Jan 09, 1998

Washington, D.C. -- The Christian Coalition's reported interest in giving up its current tax-exempt status and starting a political action committee shows that legal pressures from government agencies and watchdog groups are finally taking their toll.

That's the view of Americans United for Separation of Church and State, a national church-state watchdog organization that has exposed the partisan political activities of the Coalition since TV preacher Pat Robertson founded it in 1989.

Said Americans United Executive Director Barry W. Lynn, "The evidence of the Christian Coalition's partisan politicking is now so overwhelming that even Pat Robertson knows he can't keep up the charade of non-partisanship any longer. It's long past time for Robertson to confess to his political sin of abusing his tax-exempt status."

Last September, Americans United made public a tape of a Robertson speech to Coalition state leaders in which he compared the group to Tammany Hall and other notorious political machines of American history.

Robertson also took credit for electing the Republican majority in Congress in 1994, urged Coalition activists to skirt the law and unite behind a single Republican nominee in the 2000 GOP presidential primary and derided Democratic chances to win the next race for the White House. (For a text of Robertson's remarks, contact Americans United.)

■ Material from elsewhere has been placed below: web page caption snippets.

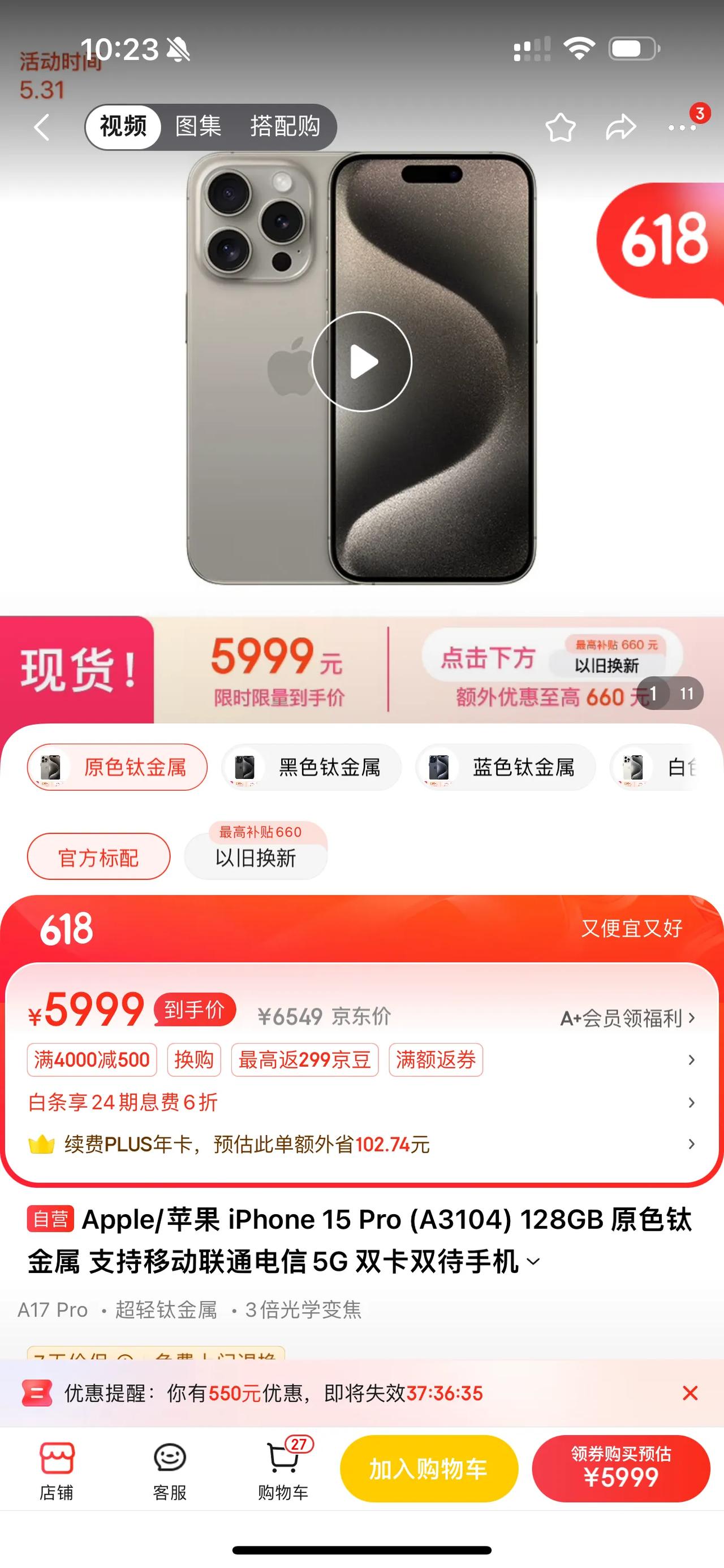 iPhone15 Pro价格居然跌破了6000，现在128GB的版本5999就能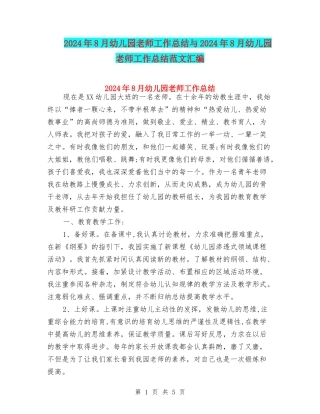2024年8月幼儿园教师工作总结与2024年8月幼儿园教师工作总结范文汇编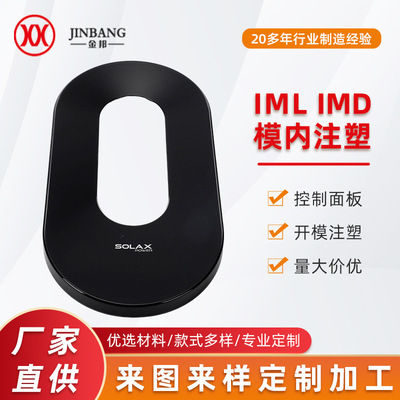 [模内注塑加工充电桩外壳面板IMD电源头配件户外车充塑料壳塑料]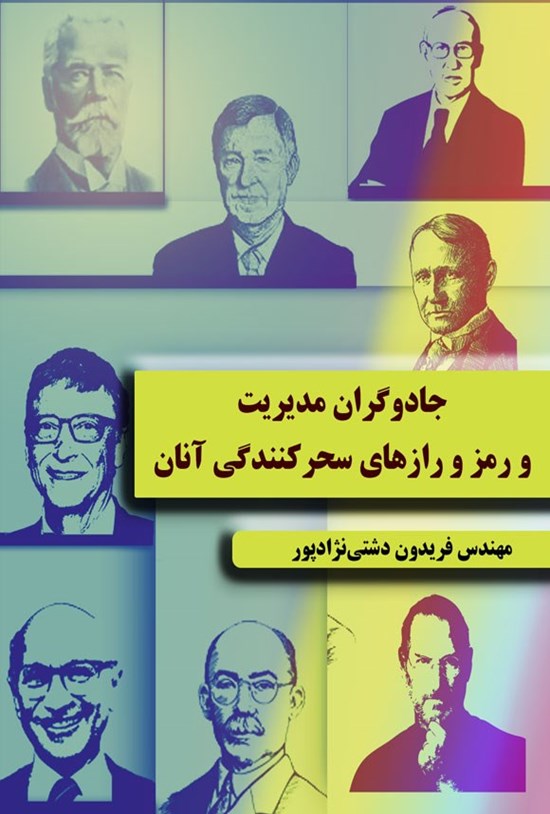 تصویر جلد کتاب جادوگران مدیریت و رمز و رازهای سحرکنندگی آنان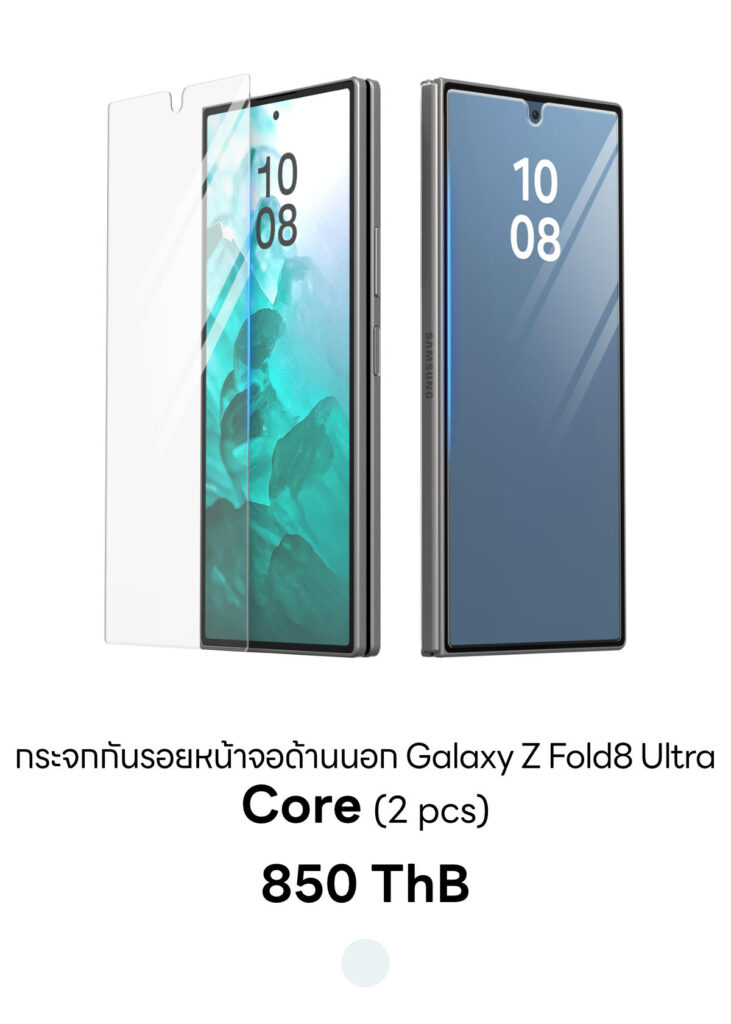 Galaxy Z Fold8 Ultra - Core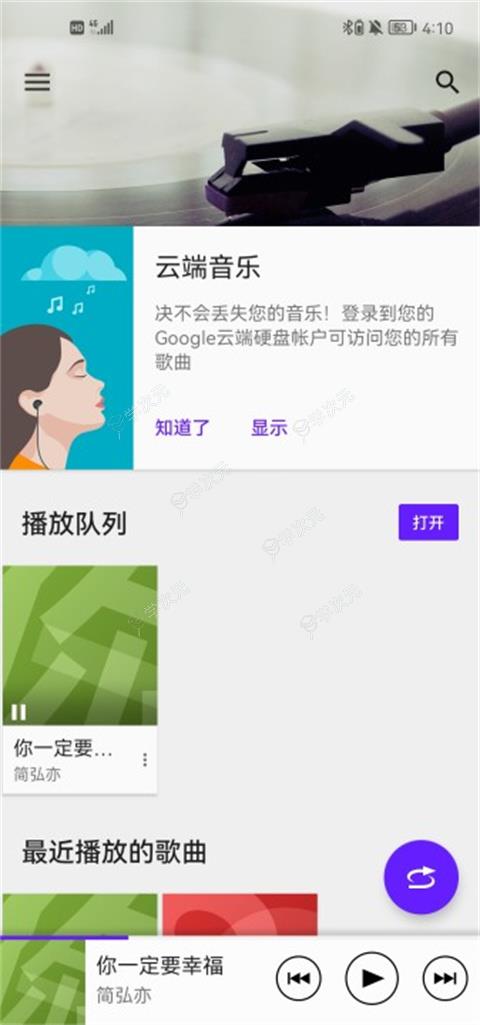 索尼音乐播放器app_图片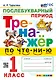 Тренажёр по чтению. Послебукварный период. 1 класс. ФГОС НОВЫЙ - фото 1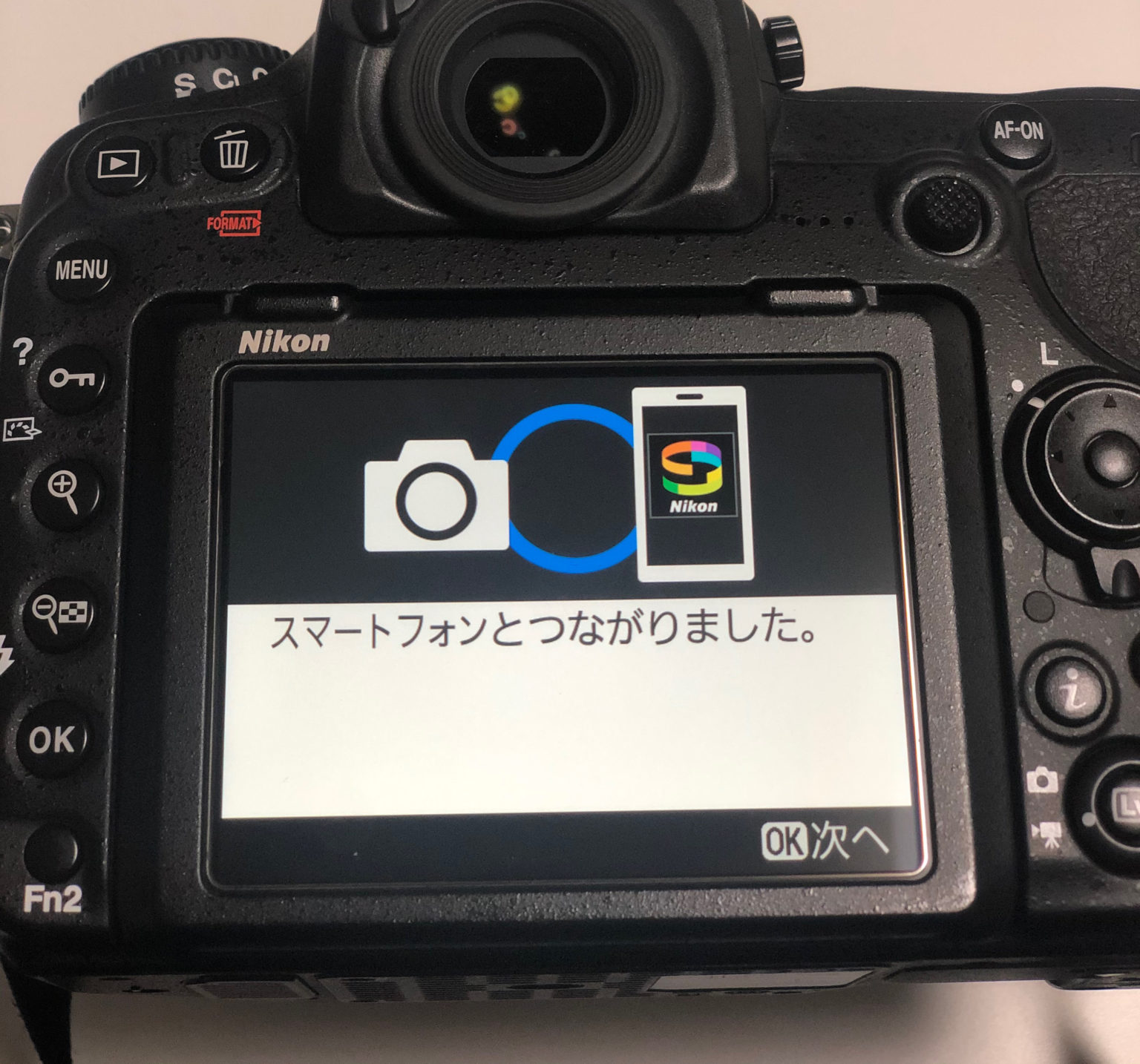 Nikon カメラ ペアリング できない Nikon カメラ ペアリング できない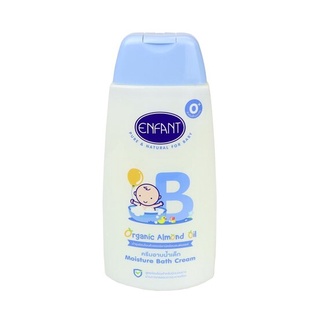 ENFANT ครีบอาบน้ำเด็ก อองฟองต์ ออแกนิค อัลมอนต์ ออยล์ มอยส์เจอร์ บาธ ครีม 300 ml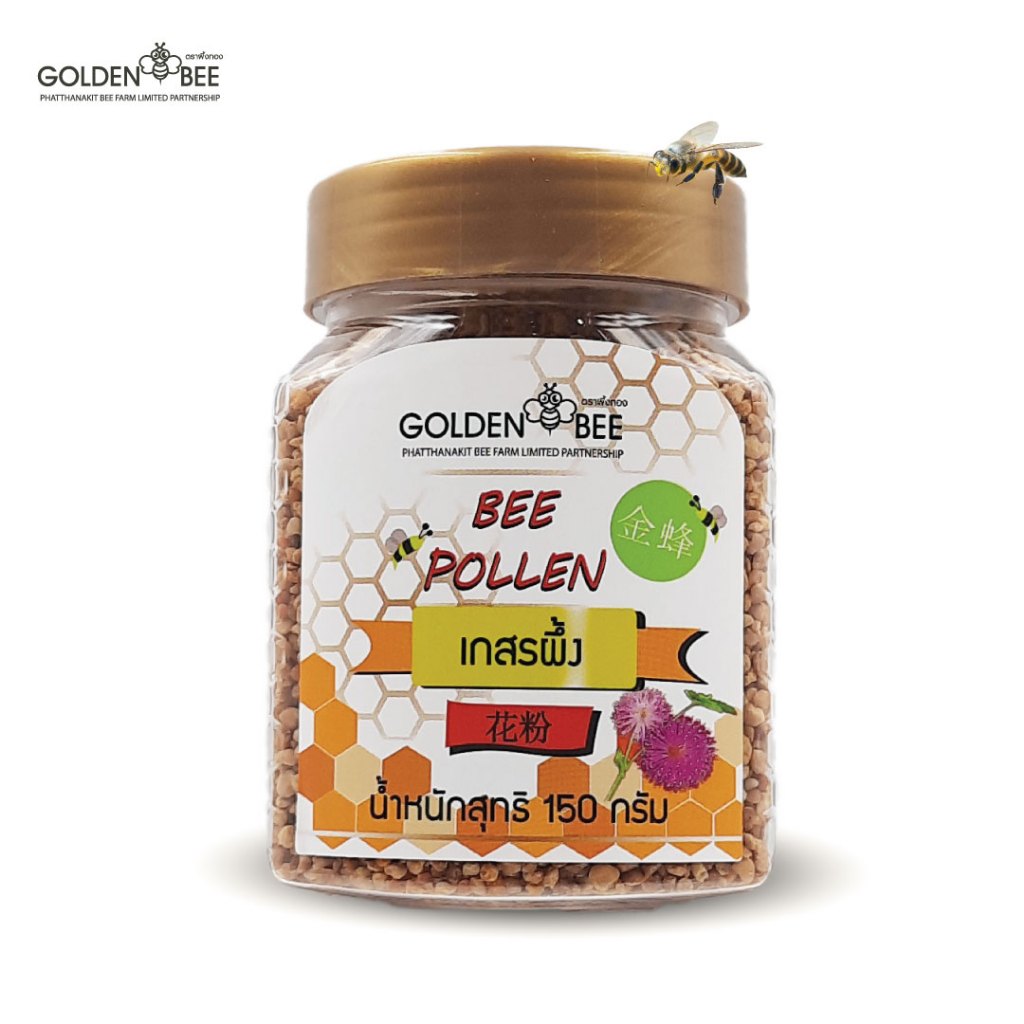 เกสรผึ้ง ขนาด 150 g. แท้ 100% Bee Pollen แบรนด์ Golden Bee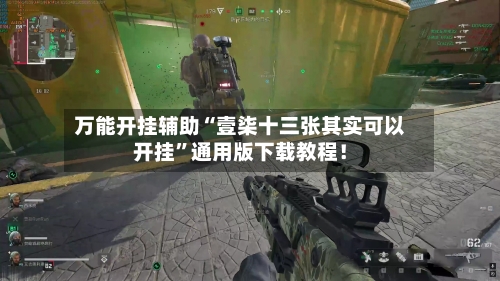 万能开挂辅助“壹柒十三张其实可以开挂”通用版下载教程！-第3张图片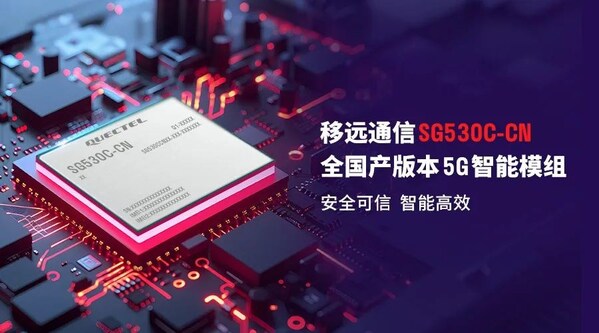 國產(chǎn)5G模組里程碑，移遠(yuǎn)通信AI模組SG530C-CN實(shí)現(xiàn)8TOPS算力+全鏈自主化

Americans United sent copies of the Robertson speech to the Internal Revenue Service and the Federal Election Commission, two federal agencies that are examining the Coalition's activities. The Coalition has operated under a 501(c)4 tax-exempt status since its founding, but the IRS has declined to make that status permanent and an audit has been ongoing. The FEC has filed suit against the Coalition for illegal political endeavors on behalf of Republican candidates for office.

Said Americans United's Lynn, "Even if the Coalition admits its partisan character today, it still needs to pay back taxes for the many years it flouted its tax-exempt status. Repentance is good for the soul, but restitution still needs to be made. The IRS and the courts need to see that this takes place."